The successor to the spider preacher dies I think — memory fails, but it’s safe to assume if a character leaves the narrative, it’s due to grim cessation — and the new one arrives in ruffled shirts and Cadillac and he’s Preston Teagardin (Robert Pattinson) and you can just smell the oil on this f—er. In this world, people are all too familiar with sin and violence and sin and death and sin and sin and God and sin, and in Knockemstiff and Cold Creek, all this stuff coagulates into one steamy swampy pool of abominant iniquity. Someone let me write this region’s tourism brochures!

The Devil All The Time: Tom Holland as Arvin Russell
Photo: Glen Wilson/Netflix

What Movies Will It Remind You Of?: The Devil All the Time consists of some backwoods Deliverance scenery, the airlessness of The Place Beyond the Pines, some shots swiped from Miller’s Crossing, and a general sense of wanting to be a tangled, Paul Thomas Anderson-esque rumination on brutality.

Performance Worth Watching: Pattinson really oozes off with this movie, all sleaze as he chews succulently on the part of the corrupted holy man — who should be cage-matched with Eli “The Boy” Sunday in a slippery deathfight of false-godliness.

Memorable Dialogue: “He’d never win a fistfight, but he could recite the book of Revelation in his sleep.” — the narrator nutshells Preston Teagardin

Sex and Skin: Fair amounts of both, although none of it is at all pleasurable, and it’s pretty much exclusively violent.

Our Take: Well, this movie sure lives up to its god damned name. Murder, beatings, suicide, torture, war crimes — The Devil All the Time has it all. And that’s just the death stuff; we might suffocate on its air of psychotraumatic horror if it took itself seriously, as more than a thin and joyless horror parade of plausibility, because it reminds us that yes, the human creature is capable of plumbing the hoary deeps of perversion and lust and bloodthirst, often for their own ghoulish sakes. The film is almost engrossing in its depiction of crestfallen humanity.

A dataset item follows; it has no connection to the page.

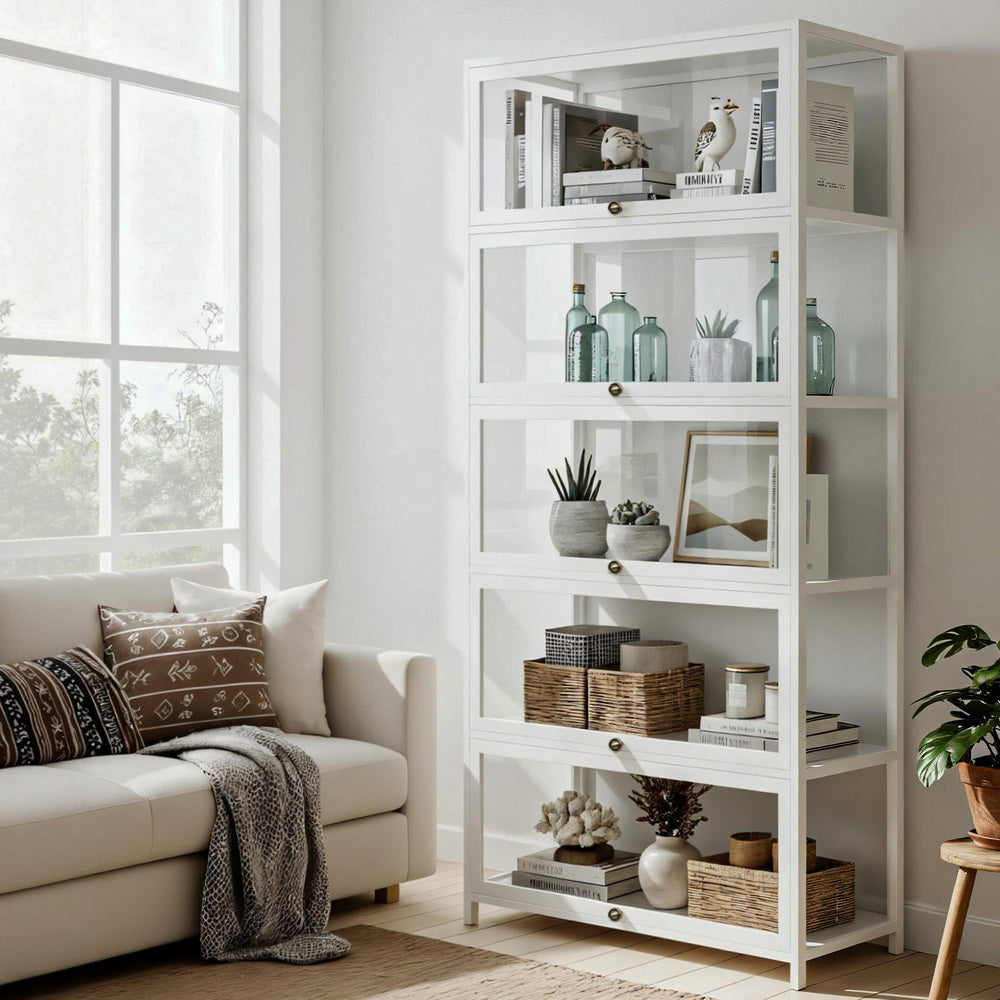 Artiss 5-Tier Display Cabinet Storage Bookshelf Clear Shelf White-7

Strange then, how the film nurtures such an odd, almost sneeringly humorous black-comic tone, primarily via Pollock himself, in an ill-advised role as narrator — you can almost hear a matter-of-fact smirk in his voice. Yet the cynical comedy is half-cultivated by Campos, as if he wants to both acknowledge tragedy and laugh at life in all its absurd pointlessness. His ramshackle approach renders the film a willow-legged facsimile of a Coen Brothers production. It bullseyes religion as not only a corrupting force but one that enables the gullible to be devoured by predators, as subtle as an elephant in the cheesecake.

So the overall vibe of this thing is off-key and disquieting, a sprawling epic of brutality populated with an ensemble of talented players handcuffed to gossamer characters with a shade-and-a-half of complexity, tops. The top-billed Holland, known for playing a squeaky-voiced teen Spider-Man, is miscast as a sulky kid carrying a chunk of angry coal in his heart; the film lays out his bloody escape path, but we’re barely convinced, or even cognizant, of his needs, wants or inner life. Stan, Bennett and Wasikowska are afterthoughts, Clarke and Keough are boilerplate godless chaos agents, Skarsgard is angry and angrier, Pattinson and Melling are window dressing. The narrative exists in the contextual gloom of international conflict, World War II’s shadow overlapping with the impending doom of Vietnam — for the people of Knockemstiff and Cold Creek, there’s death here or death overseas and any other option is lost in a cloud of hardship and despair. Pray to Jesus all you want, ’cause you got it coming either way.

Our Call: SKIP IT. With the exception of Pattinson and his thin trail of slug-grease, the pseudo-pretentious The Devil All the Time is kind of a mess, and no fun whatsoever.